What the task requires:
Copy out the records in full, word for word, without pictures.

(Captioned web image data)
┌──
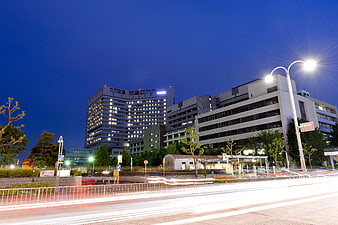 Night view of modern hospital with light trails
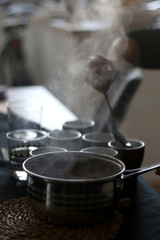 Pouring homemade hot black coffe from large metal pot. Selective focus.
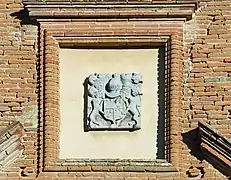 Arms in facade of castle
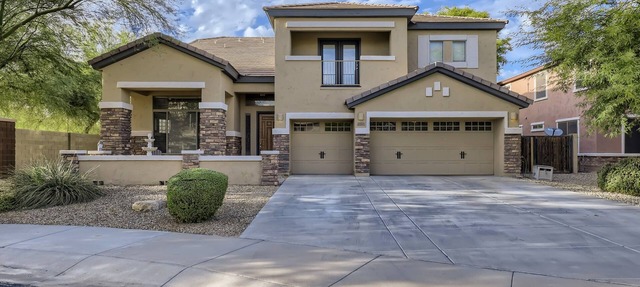 Spacious home in the heart of the West Valley with heated pool and game room in Goodyear
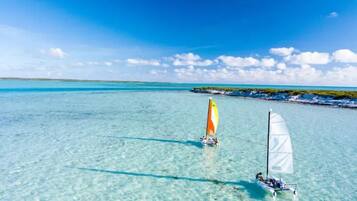 Une mer turquoise et limpide où voguent deux voiliers : l’un arbore une voile jaune et blanche, l’autre une voile blanche, le tout sous un ciel d’un bleu éclatant.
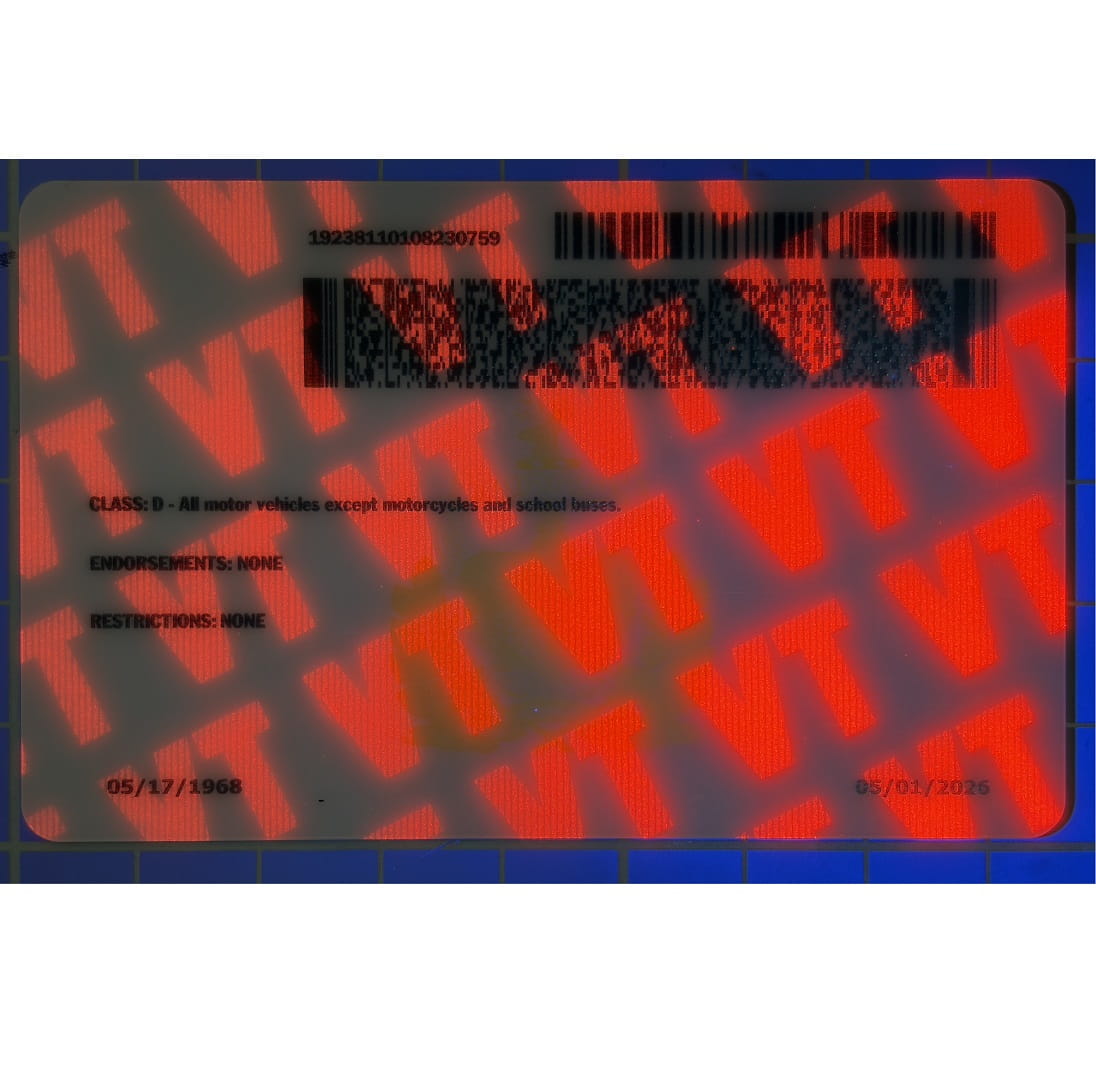 A close-up of a red and black holographic decal or sticker with repeating stylized lettering and barcode/serial text, photographed against a dark blue background.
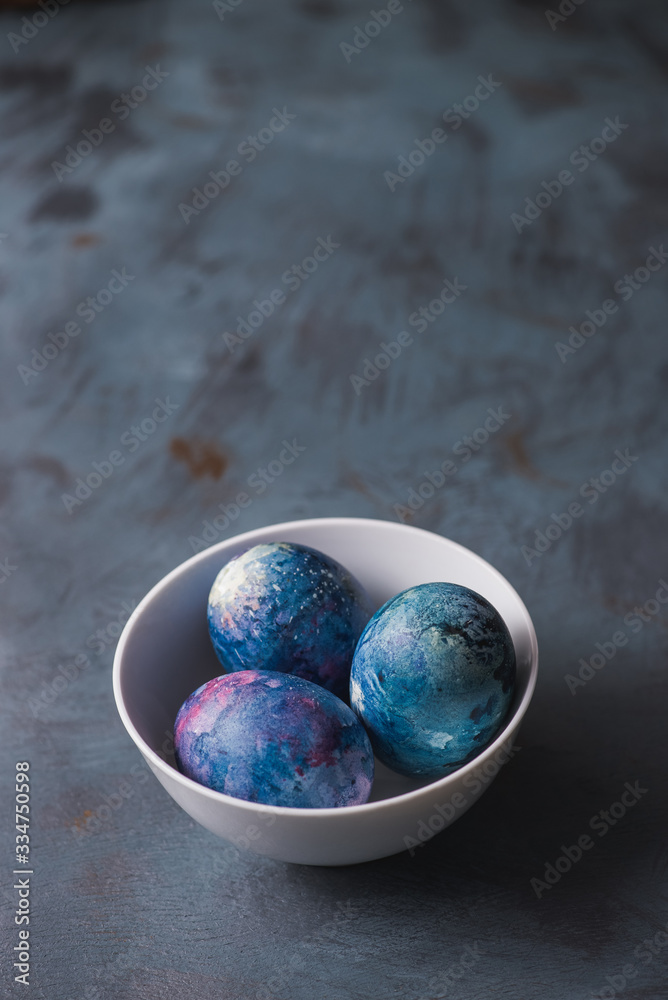 
Easter colored eggs in a white bowl on a textured blue background.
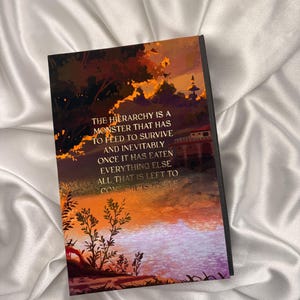 May include: A hardcover book with a vibrant illustration of a sunset over a body of water. The cover features text that reads, "THE HIERARCHY IS A MONSTER THAT HAS TO FEED TO SURVIVE AND INEVITABLY ONCE IT HAS EATEN EVERYTHING ELSE ALL THAT IS LEFT TO CONSUME IS ITSELF."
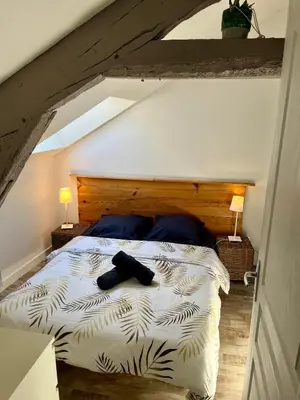 Un ou plusieurs lits dans un hébergement de l'établissement Casa Cocon -Charmant T3-plages, centre ville- 4 personnes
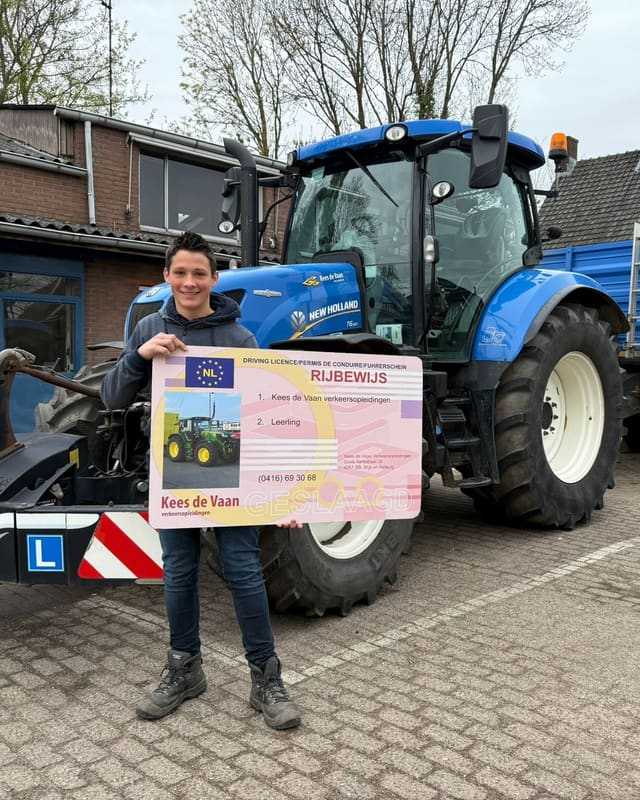 Geslaagd voor het T-rijbewijs: lachende cursist met rijbewijsbord voor een blauwe lestrekker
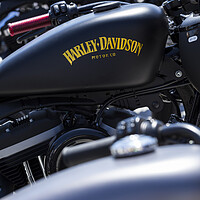 Buy canvas prints of Abstract detail of a row of parked Harley davidson bikes by Phil Crean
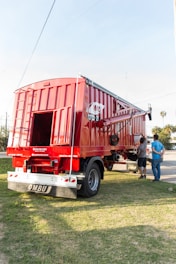 A large red agricultural trailer is parked on grassy ground. It has a shiny metal exterior with visible brand markings. Two people are standing nearby, appearing to evaluate or inspect the trailer. The sun is shining brightly, casting clear shadows, and there are a few palm trees and a partly cloudy sky in the background.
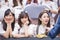 A group portrait photo of Thai girl idol group called Sweat16! with soft focus on the middle girl.
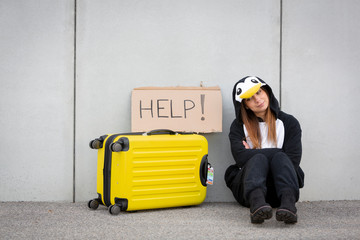 Young woman, with penguin costume and yellow suitcase, has to travel due to global warming. Symbolizes a sad penguin who has to leave his homeland because of global warming or climate change. © epiximages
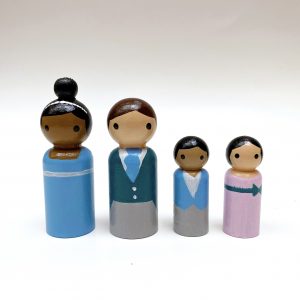 4 wooden vintage inspired Peg dolls standing in a row. 1 African American woman, one pale skinned man, 1 medium toned boy, 1 pale skinned girl all dressed in 19th Century Aristocrat attire.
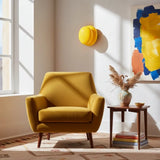Bright yellow glass wall sconce above mustard armchair in sunlit corner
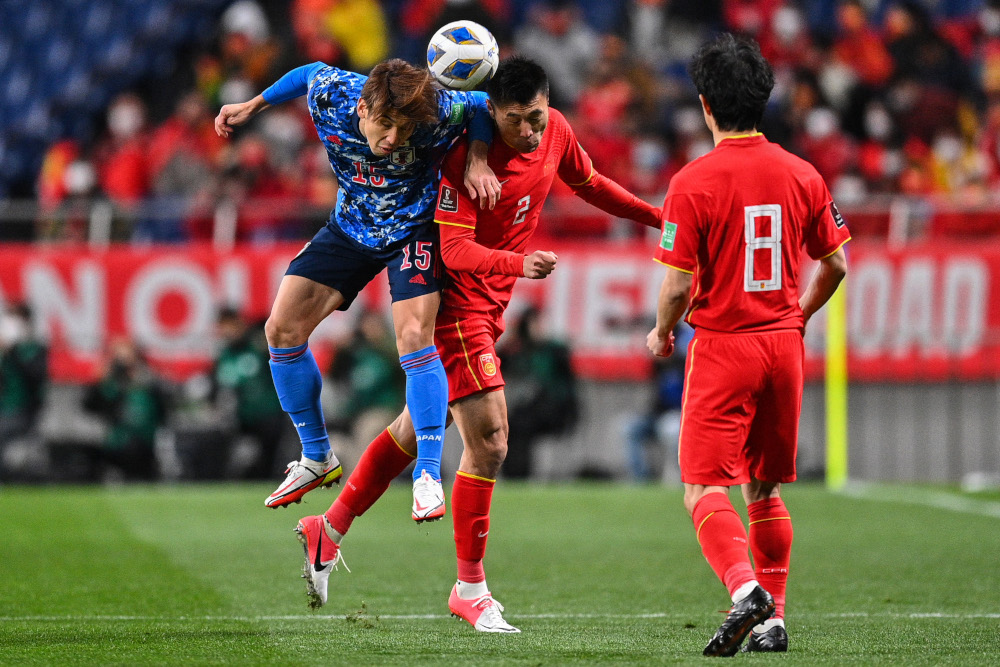 Japanu00e2u20acu2122s Yuya Osako (left) and Chinau00e2u20acu2122s Zheng Zheng (centre) compete for the ball during the Fifa World Cup Qatar 2022 Asian zone qualification match at Saitama Stadium in Saitama, January 27, 2022. u00e2u20acu201d AFP pic 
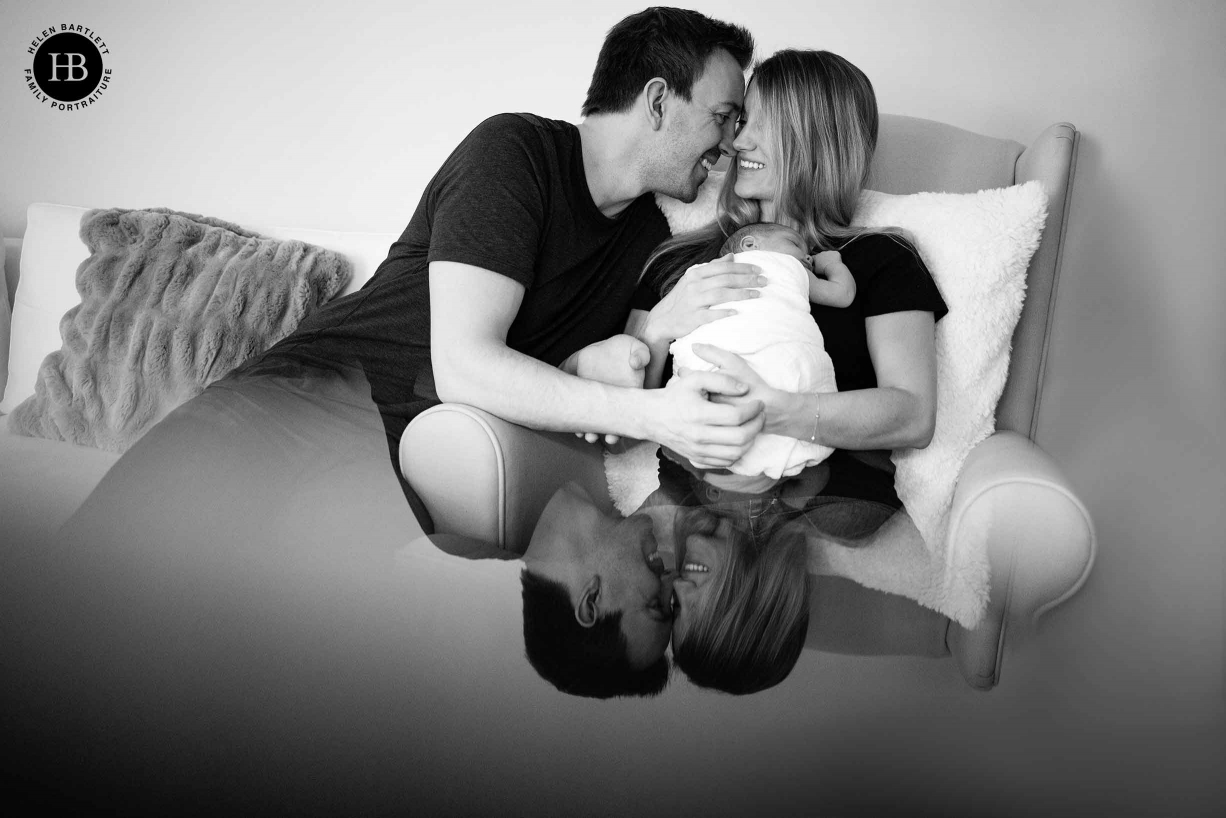 professional newborn family photo with prism reflection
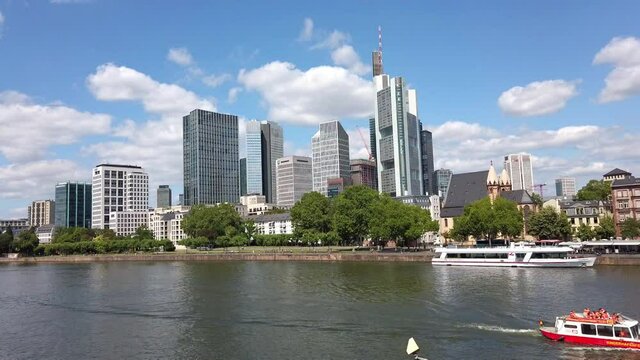 View from Eiserner Steg / The Iron Bridge on Main River to the business centre of the city, July 2019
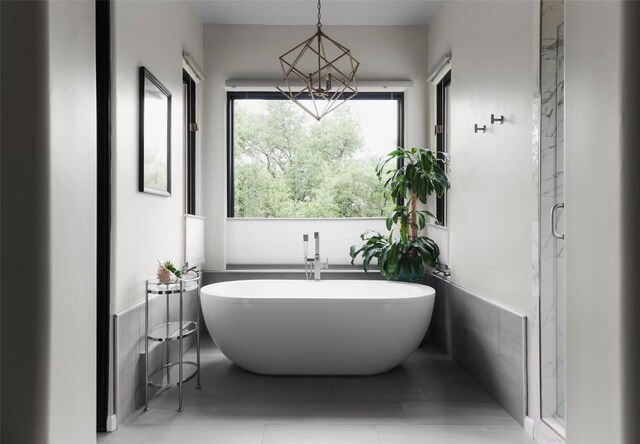 bathroom featuring a freestanding tub, a shower stall, tile patterned floors, and a chandelier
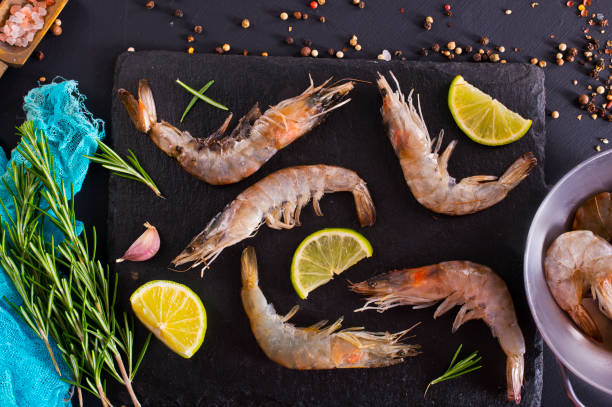 istock fresh tiger Prawns, shrimp seafood with lemon and spices. 2180908428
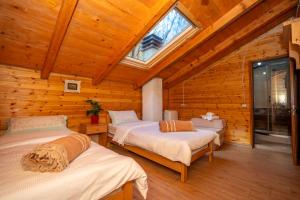 a bedroom with two beds in a log cabin at Bee Eco Guest House in Mollʼ e Shoshit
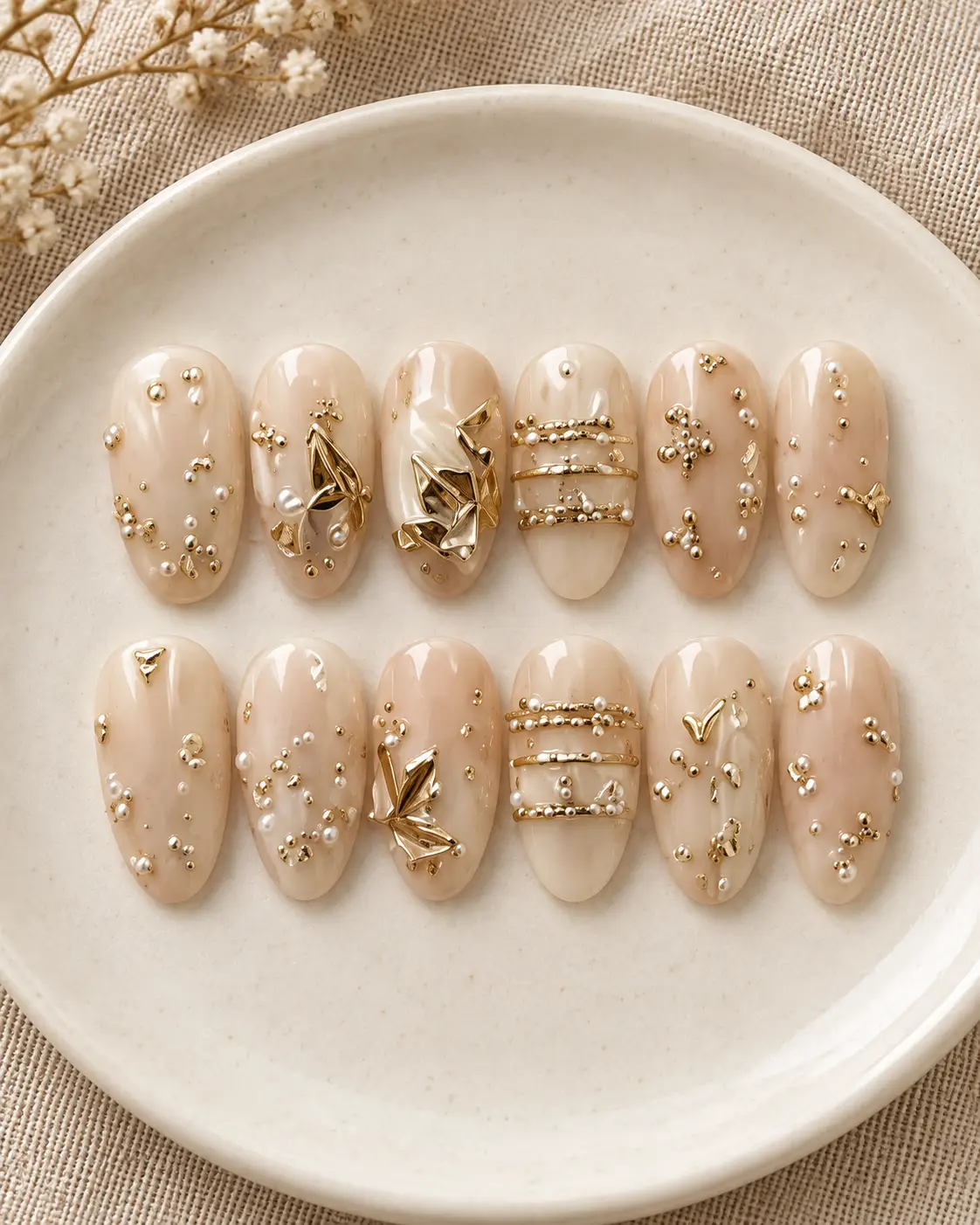 Gold leaf manicure on ivory satin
└──
Task answer:
 Night view of modern hospital with light trails
 Pouring homemade hot black coffe from large metal pot. Selective focus.
 Arms in facade of castle
 Spacious home in the heart of the West Valley with heated pool and game room in Goodyear
 Une mer turquoise et limpide où voguent deux voiliers : l’un arbore une voile jaune et blanche, l’autre une voile blanche, le tout sous un ciel d’un bleu éclatant.
 A close-up of a red and black holographic decal or sticker with repeating stylized lettering and barcode/serial text, photographed against a dark blue background.
Easter colored eggs in a white bowl on a textured blue background.
 May include: A hardcover book with a vibrant illustration of a sunset over a body of water. The cover features text that reads, "THE HIERARCHY IS A MONSTER THAT HAS TO FEED TO SURVIVE AND INEVITABLY ONCE IT HAS EATEN EVERYTHING ELSE ALL THAT IS LEFT TO CONSUME IS ITSELF."
 Un ou plusieurs lits dans un hébergement de l'établissement Casa Cocon -Charmant T3-plages, centre ville- 4 personnes
 Geslaagd voor het T-rijbewijs: lachende cursist met rijbewijsbord voor een blauwe lestrekker
 Buy canvas prints of Abstract detail of a row of parked Harley davidson bikes by Phil Crean
 A large red agricultural trailer is parked on grassy ground. It has a shiny metal exterior with visible brand markings. Two people are standing nearby, appearing to evaluate or inspect the trailer. The sun is shining brightly, casting clear shadows, and there are a few palm trees and a partly cloudy sky in the background.
 A group portrait photo of Thai girl idol group called Sweat16! with soft focus on the middle girl.
 Young woman, with penguin costume and yellow suitcase, has to travel due to global warming. Symbolizes a sad penguin who has to leave his homeland because of global warming or climate change. © epiximages
 4 wooden vintage inspired Peg dolls standing in a row. 1 African American woman, one pale skinned man, 1 medium toned boy, 1 pale skinned girl all dressed in 19th Century Aristocrat attire.
Bright yellow glass wall sconce above mustard armchair in sunlit corner
 Japanu00e2u20acu2122s Yuya Osako (left) and Chinau00e2u20acu2122s Zheng Zheng (centre) compete for the ball during the Fifa World Cup Qatar 2022 Asian zone qualification match at Saitama Stadium in Saitama, January 27, 2022. u00e2u20acu201d AFP pic 
 professional newborn family photo with prism reflection
 View from Eiserner Steg / The Iron Bridge on Main River to the business centre of the city, July 2019
 bathroom featuring a freestanding tub, a shower stall, tile patterned floors, and a chandelier
 istock fresh tiger Prawns, shrimp seafood with lemon and spices. 2180908428
 a bedroom with two beds in a log cabin at Bee Eco Guest House in Mollʼ e Shoshit
 Gold leaf manicure on ivory satin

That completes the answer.